I’ve already written about how to install Jupyter Notebook in my piece “Jupyter Notebooks: The Web-Based Dev Tool You’ve Been Seeking,” so you should read through that tutorial to get Jupyter up and running.

Thing is, with a default Jupyter installation, you miss out on GitHub integration. And given how so many developers depend on the likes of GitHub, this is a feature that is sorely missed.

Fortunately, a developer has created an extension that makes it possible for you to use Jupyter with GitHub. Unfortunately, since the developer created the extension for Jupyter/GitHub, things have changed on the side of GitHub, so there’s one caveat to using this tool (I’ll explain later). But even with that caveat, this extension is a good way to keep your Jupyter Notebooks in sync with a GitHub repository (otherwise, all of those notebooks will remain on your local machine).

Let’s get these two pieces of technology connected.
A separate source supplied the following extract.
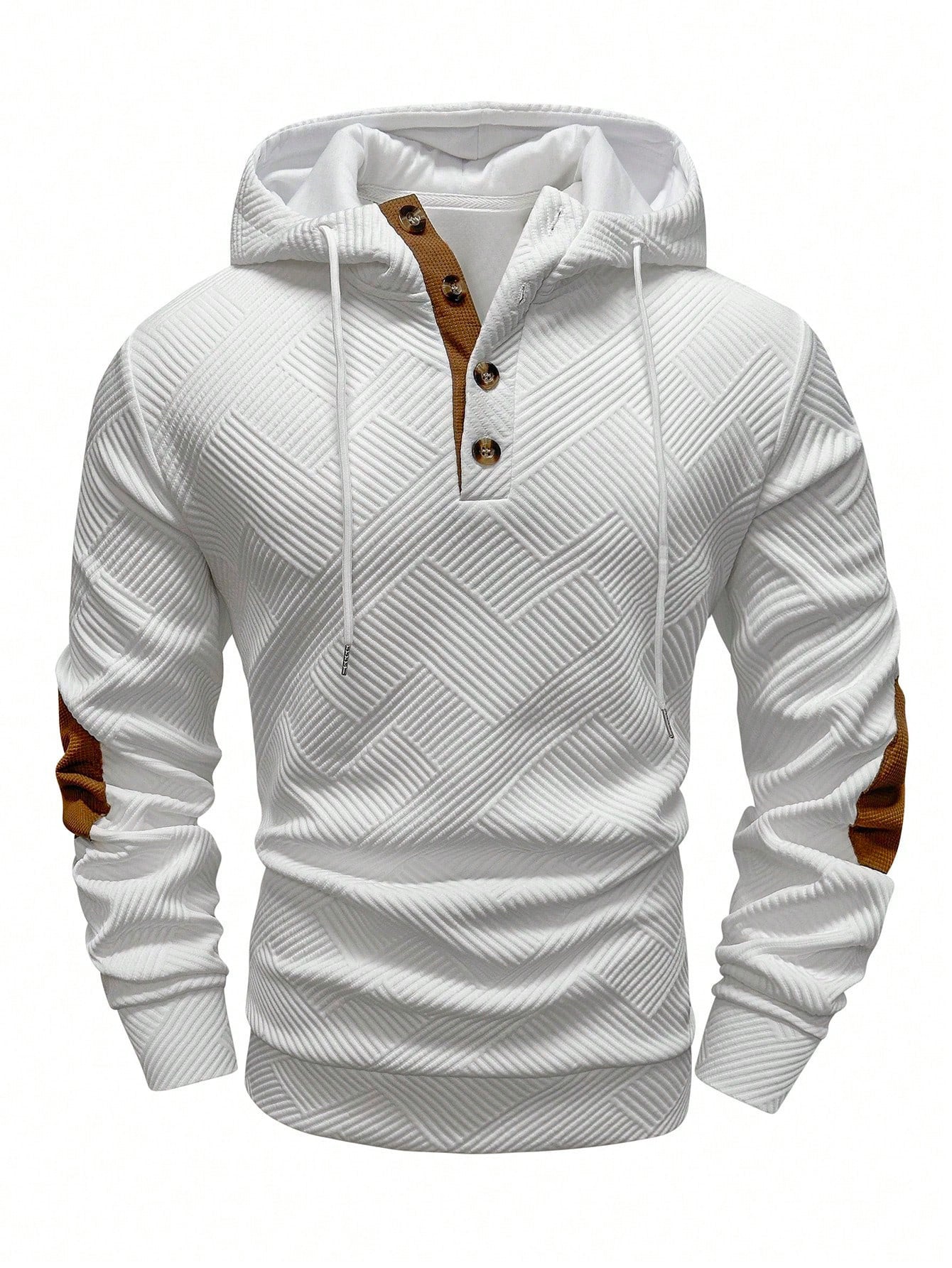 Men's Solid Color Jacquard Hooded Sweater Loose Sports And Leisure Coat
Before you start this process, make sure you’ve taken care of getting Jupyter installed. Make sure you don’t launch a notebook yet. We’ll do that in a bit.

Installing the Extension

You’ve already installed the necessary dependencies for Jupyter (Python and pip). You now need to install the Jupyter GitHub extension. Log into your machine that contains Jupyter and open a terminal window. From the CLI, issue the following commands:

alias pip=pip3

pip install git+https://github.com/sat28/githubcommit.git

jupyter serverextension enable --py githubcommit

jupyter nbextension install --py githubcommit --user

jupyter nbextension enable githubcommit --user --py

The above commands will install the extension and make sure it is available for all notebooks.

Install the remaining dependencies

You probably already have git installed, but on the off-chance you don’t, issue the command (I’m demonstrating on Ubuntu Desktop 21.04):

sudo apt-get install git -y

If you’re using a Red Hat-based distribution, that command would be:

sudo dnf install git -y

Generate SSH keys

You’ll also need SSH keys (so you can clone the necessary repository). For this, run the command:

ssh-keygen

Make sure to accept the defaults and give the key a unique and strong password.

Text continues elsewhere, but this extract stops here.